Get the memory dump file, with jhat or MAT analysis, successfully found a thread at the time to apply for 1.6G of memory, and then follow the line stacks found the calling method, a look at the source immediately understand, the code is the method provides external interface services, method parameters from the external input, no The input parameters are judged by the security, but instead directly based on the input parameters, a super-Large Array (2000多万个 integer) is created, causing the OOM to be immediately triggered and continuously FULLGC for a period of time, so the memory curve will be like that.

Think about it again.

There's also a network exception that connects to Redis, what's going on? Back to the code to see, the original 2000多万个 integer array of integers, as the access to Redis command parameters ( hmget ). Here, the moment to understand is that, so long parameters have done server-side network programming is clear, the protocol resolution more than a reasonable length estimate will be rejected as a malicious client, and cause the server to reject the client, the behavior of the rejection is generally closed connection.

And then I picked up the Redis document, and I did find this description:

Query buffer hard limit every client was also subject to a query buffer limit. This was a non-configurable hard limit that would close the connection when the client query buffer (which is the the buffer we U Se to accumulate commands from the client) reaches 1 GB, and was actually only a extreme limit to avoid a server crash in Case of client or server software bugs.

Above that is, redis maximum acceptable command length is written to die in the code, that is, 1 GB, more than this nature was rejected. More about details see Redis official documentation

Summarize

I think from the case of two points learned:

    1. The phenomenon is not so reliable that it cannot be piecemeal.
    2. Start by doubting your own code first.

1th, should be a common sense, the doctor's diagnosis of the example fully illustrates this point. 2nd, why start with doubting your own code, simply that the business code of the application is often the least well tested and validated code. Business applications depend on the environment whether it is hardware (host, network, switch) or software (operating system, JVM, three-party library) These are often more tested and widely validated than business code, so start by doubting yourself, unless there is very clear evidence pointing to other aspects, Personal experience Most of the time this is the shortest path to finding a problem.
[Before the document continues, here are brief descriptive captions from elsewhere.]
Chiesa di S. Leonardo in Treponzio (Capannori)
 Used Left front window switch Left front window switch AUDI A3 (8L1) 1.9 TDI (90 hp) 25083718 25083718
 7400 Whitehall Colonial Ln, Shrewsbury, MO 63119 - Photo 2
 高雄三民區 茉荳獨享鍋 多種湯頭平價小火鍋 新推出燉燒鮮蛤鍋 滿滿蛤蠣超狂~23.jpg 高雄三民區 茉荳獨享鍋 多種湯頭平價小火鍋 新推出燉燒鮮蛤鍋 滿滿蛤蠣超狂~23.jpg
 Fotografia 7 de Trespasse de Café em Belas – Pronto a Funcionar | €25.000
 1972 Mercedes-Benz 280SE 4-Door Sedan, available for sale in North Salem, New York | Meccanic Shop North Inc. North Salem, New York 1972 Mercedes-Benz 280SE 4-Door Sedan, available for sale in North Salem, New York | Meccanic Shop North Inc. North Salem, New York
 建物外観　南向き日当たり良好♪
A Redis exception access case analysis that causes oom

Related Article

Contact Us

The content source of this page is from Internet, which doesn't represent Alibaba Cloud's opinion; products and services mentioned on that page don't have any relationship with Alibaba Cloud. If the content of the page makes you feel confusing, please write us an email, we will handle the problem within 5 days after receiving your email.

If you find any instances of plagiarism from the community, please send an email to: info-contact@alibabacloud.com and provide relevant evidence. A staff member will contact you within 5 working days.

A Free Trial That Lets You Build Big!

Start building with 50+ products and up to 12 months usage for Elastic Compute Service

  • Sales Support

    1 on 1 presale consultation

  • After-Sales Support

    24/7 Technical Support 6 Free Tickets per Quarter Faster Response

  • Alibaba Cloud offers highly flexible support services tailored to meet your exact needs.